SMC ECEG regarding MCs
The SMC Ethical Code and Ethical Guidelines (ECEG) 2016 cautions doctors to consider medical factors when they issue an MC, and to guard against allowing the interests of other stakeholders to affect their actions.2 In particular, doctors may be under pressure to alter the duration of an MC for non-medical reasons, such as requests from employers, financial incentives or workplace benefits for the patient. Patients also often request for MCs to be issued for a slightly longer or shorter duration, which may be granted when medically reasonable.
Doctors should respect confidentiality by writing a diagnosis on the MC only with the patient's consent.2 For the same reason, the MC should be given directly to the patient unless he/she (and not his/ her employer) requests otherwise. For civil servants, consent should be sought before electronic MCs are uploaded to the Government's Medical Billing System from registered clinics.3
The date of issue of the MC and the dates for which the patient is certified unfit for work must be clearly and accurately indicated on the MC.2 If the doctor is reasonably certain that the patient would have been unable to work for a number of days prior to the consultation, the MC may be written to cover those days. However, the date of issue must not be backdated.
MCs should also be personally signed to ensure professional and legal accountability.2 Doctors should not change the details on MCs written by their colleagues, and should instead write a new MC if they feel that there are medical reasons to do so. It is good practice to document in the clinical notes the reasons for such amendments.
In a recent case,4 a doctor was fined $15,000 for activities that included multiple violations of the ECEG's guidelines for writing MCs. The SMC Disciplinary Tribunal also noted that they would have recommended suspension of 36 months, had the doctor been registered at the time of sentencing. These violations included backdating the date of issue on an MC, writing an MC for himself without medical grounds, and attempting to give the impression that the MC was written by another doctor. This case serves as a reminder that the ability to issue MCs is a serious responsibility.
Types of sick leave
A doctor should specify on an MC whether the patient requires hospitalisation leave or outpatient sick leave, based on the patient's medical condition (rather than on request).2 Hospitalisation leave certifies that the patient's illness is severe enough to warrant hospitalisation.5 He does not necessarily have to be hospitalised, however, and may recuperate at home if it is medically safe to do so.

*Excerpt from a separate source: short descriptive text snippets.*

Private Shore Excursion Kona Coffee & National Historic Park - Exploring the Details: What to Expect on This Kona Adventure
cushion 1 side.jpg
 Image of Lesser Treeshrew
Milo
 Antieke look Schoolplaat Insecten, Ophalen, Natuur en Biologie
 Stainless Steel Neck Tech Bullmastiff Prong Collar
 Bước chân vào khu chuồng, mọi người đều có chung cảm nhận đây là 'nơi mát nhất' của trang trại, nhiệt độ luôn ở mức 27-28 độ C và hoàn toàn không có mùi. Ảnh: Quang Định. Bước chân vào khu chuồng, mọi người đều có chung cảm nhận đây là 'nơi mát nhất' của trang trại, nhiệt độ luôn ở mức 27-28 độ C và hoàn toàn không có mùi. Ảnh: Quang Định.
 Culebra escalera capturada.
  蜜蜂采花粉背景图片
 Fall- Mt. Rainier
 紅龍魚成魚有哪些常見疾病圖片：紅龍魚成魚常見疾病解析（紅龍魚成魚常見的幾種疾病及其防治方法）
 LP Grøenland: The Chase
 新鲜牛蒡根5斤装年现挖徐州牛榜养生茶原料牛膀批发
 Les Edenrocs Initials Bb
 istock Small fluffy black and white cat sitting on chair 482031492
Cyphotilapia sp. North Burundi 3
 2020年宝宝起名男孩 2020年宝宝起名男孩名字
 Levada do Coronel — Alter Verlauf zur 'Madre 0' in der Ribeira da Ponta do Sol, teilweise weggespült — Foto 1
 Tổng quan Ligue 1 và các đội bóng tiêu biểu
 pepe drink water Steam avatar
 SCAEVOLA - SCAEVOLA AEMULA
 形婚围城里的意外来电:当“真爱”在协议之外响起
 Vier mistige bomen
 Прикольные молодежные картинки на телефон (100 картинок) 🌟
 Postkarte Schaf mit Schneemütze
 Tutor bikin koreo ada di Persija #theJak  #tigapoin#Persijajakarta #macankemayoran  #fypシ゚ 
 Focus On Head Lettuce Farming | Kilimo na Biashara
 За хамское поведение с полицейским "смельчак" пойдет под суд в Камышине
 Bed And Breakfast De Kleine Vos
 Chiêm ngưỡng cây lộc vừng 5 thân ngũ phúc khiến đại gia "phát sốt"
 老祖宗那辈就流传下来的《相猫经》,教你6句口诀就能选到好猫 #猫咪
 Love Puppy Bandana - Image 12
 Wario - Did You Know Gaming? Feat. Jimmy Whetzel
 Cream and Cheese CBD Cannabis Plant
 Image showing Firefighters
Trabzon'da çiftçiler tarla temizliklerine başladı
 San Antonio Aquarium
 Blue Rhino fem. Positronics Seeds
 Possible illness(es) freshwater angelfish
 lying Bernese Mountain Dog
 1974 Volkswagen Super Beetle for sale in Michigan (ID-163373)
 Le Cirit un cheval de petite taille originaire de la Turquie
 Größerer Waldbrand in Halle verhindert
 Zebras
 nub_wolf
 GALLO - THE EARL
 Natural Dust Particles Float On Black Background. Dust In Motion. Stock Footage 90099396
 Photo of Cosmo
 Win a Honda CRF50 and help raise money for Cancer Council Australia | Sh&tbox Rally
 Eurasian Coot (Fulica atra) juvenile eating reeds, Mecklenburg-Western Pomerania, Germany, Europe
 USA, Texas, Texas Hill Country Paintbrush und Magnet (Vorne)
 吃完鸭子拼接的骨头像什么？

Sometimes, a patient can return to work with certain limitations on the type of activities he can perform, in which case he is certified fit only for "light duties". The ECEG states that it is the doctor's responsibility, because of his/her medical expertise, to ascertain "to the best of [his] ability...that appropriate light duties are in fact available to the patients at their place of work".2 This can present a challenge in practice, as doctors are allowed to rely on their patients' assessment of the availability of light duties.6 Non-governmental organisations concerned with migrant worker rights have, however, suggested that there is a risk that this assessment may be influenced by pressure from employers.7
The Ministry of Manpower (MOM) encourages employers to grant paid sick leave if no option for light duty exists, but does not mandate this.5
As the system evolves, a more detailed document, perhaps resembling the fit note issued by doctors in the UK,8 could be used to specify the type of light duties appropriate for the individual patient. This would allow employers to take greater responsibility for their employees' well-being, instead of allowing the burden to fall solely upon doctors.
Leave for appointments
The question often arises as to whether employees can use MCs to take paid leave to attend a medical appointment. The MOM website addresses this with the statement that an employee is entitled to paid sick leave as long as they are given an MC.5 The doctor is thus at liberty to decide, based on medical factors,2 when this is appropriate.
Alternatively, a "time chit" may be issued as evidence of a patient's attendance at a clinic or hospital. The MOM, however, does not compel employers to accept time chits. This system may disadvantage low-wage workers who are less likely to be granted uncertified time-off, and shift workers who may resort to scheduling clinic appointments on their rest days to avoid losing pay.
When appropriate, and with the patient's consent, it may also be helpful to communicate with employers or to remind patients of their rights under the Employment Act.